User policies use IAM with S3 to control the type of access a user or group of users has to specific parts of an S3 bucket the AWS account owns
User policy is always attached to a User, Group, or a Role
Anonymous permissions cannot be granted
If an AWS account that owns a bucket wants to grant permission to users in its account, it can use either a bucket policy or a user policy

Resource-Based policies

Bucket policies and access control lists (ACLs) are resource-based because they are attached to the S3 resources

Screen Shot 2016-03-28 at 5.57.36 PM

Bucket Policies

Bucket policy can be used to grant cross-account access to other AWS accounts or IAM users in other accounts for the bucket and objects in it.
Bucket policies provide centralized, access control to buckets and objects based on a variety of conditions, including S3 operations, requesters, resources, and aspects of the request (e.g.
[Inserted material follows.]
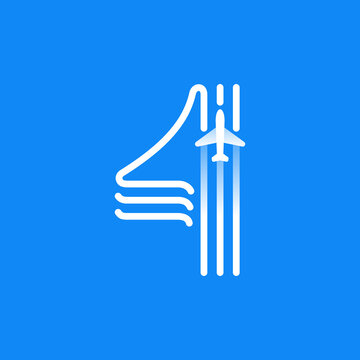 Number four logo is made of three parallel lines with a plane icon.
IP address)
If an AWS account that owns a bucket wants to grant permission to users in its account, it can use either a bucket policy or a user policy
Permissions attached to a bucket apply to all of the objects in that bucket created and owned by the bucket owner
Policies can either add or deny permissions across all (or a subset) of objects within a bucket
Only the bucket owner is allowed to associate a policy with a bucket
Bucket policies can cater to multiple use cases
- Granting permissions to multiple accounts with added conditions
- Granting read-only permission to an anonymous user
- Limiting access to specific IP addresses
- Restricting access to a specific HTTP referer
- Restricting access to a specific HTTP header for e.g. to enforce encryption
- Granting permission to a CloudFront OAI
- Adding a bucket policy to require MFA
- Granting cross-account permissions to upload objects while ensuring the bucket owner has full control
- Granting permissions for S3 inventory and Amazon S3 analytics
- Granting permissions for S3 Storage Lens

Access Control Lists (ACLs)

Each bucket and object has an ACL associated with it.
An ACL is a list of grants identifying grantee and permission granted
ACLs are used to grant basic read/write permissions on resources to other AWS accounts.
ACL supports limited permissions set and
- cannot grant conditional permissions, nor can you explicitly deny permissions
- cannot be used to grant permissions for bucket subresources
Permission can be granted to an AWS account by the email address or the canonical user ID (is just an obfuscated Account Id). If an email address is provided, S3 will still find the canonical user ID for the user and add it to the ACL.
It is Recommended to use Canonical user ID as email address would not be supported
Bucket ACL
- Only recommended use case for the bucket ACL is to grant write permission to the S3 Log Delivery group to write access log objects to the bucket
- Bucket ACL will help grant write permission on the bucket to the Log Delivery group if access log delivery is needed to the bucket
- Only way you can grant necessary permissions to the Log Delivery group is via a bucket ACL
Object ACL
- Object ACLs control only Object-level Permissions
- Object ACL is the only way to manage permission to an object in the bucket not owned by the bucket owner i.e. If the bucket owner allows cross-account object uploads and if the object owner is different from the bucket owner, the only way for the object owner to grant permissions on the object is through Object ACL
- If the Bucket and Object is owned by the same AWS account, Bucket policy can be used to manage the permissions
- If the Object and User is owned by the same AWS account, User policy can be used to manage the permissions

S3 Request Authorization

When S3 receives a request, it must evaluate all the user policies, bucket policies, and ACLs to determine whether to authorize or deny the request.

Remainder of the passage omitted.